Your task is to transcribe the entries below exactly, from their first line down to the line containing "Seiko Chronograph 100m", and to stop there.

[Source data]
════
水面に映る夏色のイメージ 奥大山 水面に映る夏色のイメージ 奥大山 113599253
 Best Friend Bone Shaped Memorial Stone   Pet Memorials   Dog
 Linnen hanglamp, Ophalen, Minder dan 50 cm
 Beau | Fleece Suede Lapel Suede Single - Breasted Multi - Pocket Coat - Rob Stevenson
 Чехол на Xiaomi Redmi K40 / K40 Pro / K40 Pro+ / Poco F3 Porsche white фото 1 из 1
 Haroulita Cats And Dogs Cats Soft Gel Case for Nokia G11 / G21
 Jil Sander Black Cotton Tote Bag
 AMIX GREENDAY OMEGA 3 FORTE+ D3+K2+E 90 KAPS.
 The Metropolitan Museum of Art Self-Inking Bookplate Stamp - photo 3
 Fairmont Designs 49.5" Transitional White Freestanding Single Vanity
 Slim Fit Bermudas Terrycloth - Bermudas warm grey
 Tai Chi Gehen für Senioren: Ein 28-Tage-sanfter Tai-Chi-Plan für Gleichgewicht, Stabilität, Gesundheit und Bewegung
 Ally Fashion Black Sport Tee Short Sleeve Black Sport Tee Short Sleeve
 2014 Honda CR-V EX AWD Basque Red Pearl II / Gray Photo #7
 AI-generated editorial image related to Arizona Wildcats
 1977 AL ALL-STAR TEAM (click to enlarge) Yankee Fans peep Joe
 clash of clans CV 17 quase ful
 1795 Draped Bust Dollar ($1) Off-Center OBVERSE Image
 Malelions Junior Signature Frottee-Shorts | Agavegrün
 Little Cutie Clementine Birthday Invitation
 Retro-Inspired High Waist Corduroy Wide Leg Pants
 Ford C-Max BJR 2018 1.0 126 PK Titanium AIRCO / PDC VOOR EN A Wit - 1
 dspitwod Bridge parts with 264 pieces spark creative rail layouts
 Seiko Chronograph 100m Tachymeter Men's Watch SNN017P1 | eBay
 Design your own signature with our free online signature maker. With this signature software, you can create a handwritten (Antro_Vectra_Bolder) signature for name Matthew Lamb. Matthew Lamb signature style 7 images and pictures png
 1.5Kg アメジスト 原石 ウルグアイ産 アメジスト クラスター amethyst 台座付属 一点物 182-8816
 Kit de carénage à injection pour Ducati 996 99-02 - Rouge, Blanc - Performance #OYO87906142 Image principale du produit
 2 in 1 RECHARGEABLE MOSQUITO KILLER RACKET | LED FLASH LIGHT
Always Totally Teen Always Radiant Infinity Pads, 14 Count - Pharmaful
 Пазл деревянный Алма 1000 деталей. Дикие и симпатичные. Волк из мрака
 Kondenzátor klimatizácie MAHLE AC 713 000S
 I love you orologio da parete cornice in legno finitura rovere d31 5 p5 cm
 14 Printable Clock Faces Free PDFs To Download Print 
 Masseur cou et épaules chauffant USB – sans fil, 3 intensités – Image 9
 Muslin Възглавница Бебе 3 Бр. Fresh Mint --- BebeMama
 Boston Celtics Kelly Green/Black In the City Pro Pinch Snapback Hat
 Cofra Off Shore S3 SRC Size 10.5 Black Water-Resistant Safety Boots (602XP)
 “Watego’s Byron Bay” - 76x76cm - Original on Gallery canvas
════
ANSWER:
水面に映る夏色のイメージ 奥大山 水面に映る夏色のイメージ 奥大山 113599253
 Best Friend Bone Shaped Memorial Stone   Pet Memorials   Dog
 Linnen hanglamp, Ophalen, Minder dan 50 cm
 Beau | Fleece Suede Lapel Suede Single - Breasted Multi - Pocket Coat - Rob Stevenson
 Чехол на Xiaomi Redmi K40 / K40 Pro / K40 Pro+ / Poco F3 Porsche white фото 1 из 1
 Haroulita Cats And Dogs Cats Soft Gel Case for Nokia G11 / G21
 Jil Sander Black Cotton Tote Bag
 AMIX GREENDAY OMEGA 3 FORTE+ D3+K2+E 90 KAPS.
 The Metropolitan Museum of Art Self-Inking Bookplate Stamp - photo 3
 Fairmont Designs 49.5" Transitional White Freestanding Single Vanity
 Slim Fit Bermudas Terrycloth - Bermudas warm grey
 Tai Chi Gehen für Senioren: Ein 28-Tage-sanfter Tai-Chi-Plan für Gleichgewicht, Stabilität, Gesundheit und Bewegung
 Ally Fashion Black Sport Tee Short Sleeve Black Sport Tee Short Sleeve
 2014 Honda CR-V EX AWD Basque Red Pearl II / Gray Photo #7
 AI-generated editorial image related to Arizona Wildcats
 1977 AL ALL-STAR TEAM (click to enlarge) Yankee Fans peep Joe
 clash of clans CV 17 quase ful
 1795 Draped Bust Dollar ($1) Off-Center OBVERSE Image
 Malelions Junior Signature Frottee-Shorts | Agavegrün
 Little Cutie Clementine Birthday Invitation
 Retro-Inspired High Waist Corduroy Wide Leg Pants
 Ford C-Max BJR 2018 1.0 126 PK Titanium AIRCO / PDC VOOR EN A Wit - 1
 dspitwod Bridge parts with 264 pieces spark creative rail layouts
 Seiko Chronograph 100m Tachymeter Men's Watch SNN017P1 | eBay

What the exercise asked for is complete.